Problem statement: From the data below, repeat exactly the lines from the line with "Classic Calf Texture" to the line with "SANDALI IN PELLE INFRADITO CON BORCHIE", both included.

Data listing:
+ + +
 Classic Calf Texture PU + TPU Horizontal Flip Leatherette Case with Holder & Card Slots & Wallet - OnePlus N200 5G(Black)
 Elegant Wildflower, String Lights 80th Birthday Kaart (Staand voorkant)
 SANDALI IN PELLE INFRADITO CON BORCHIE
+ + +
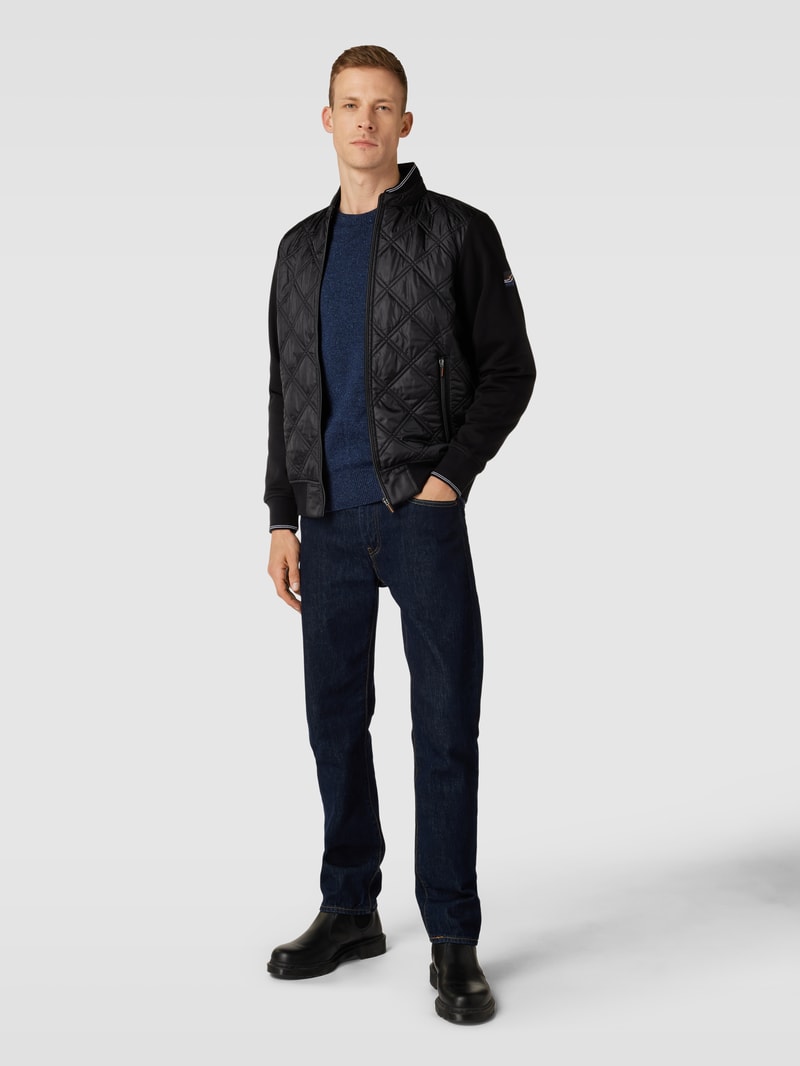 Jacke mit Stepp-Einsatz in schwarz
+ + +
Problem solution:
 Classic Calf Texture PU + TPU Horizontal Flip Leatherette Case with Holder & Card Slots & Wallet - OnePlus N200 5G(Black)
 Elegant Wildflower, String Lights 80th Birthday Kaart (Staand voorkant)
 SANDALI IN PELLE INFRADITO CON BORCHIE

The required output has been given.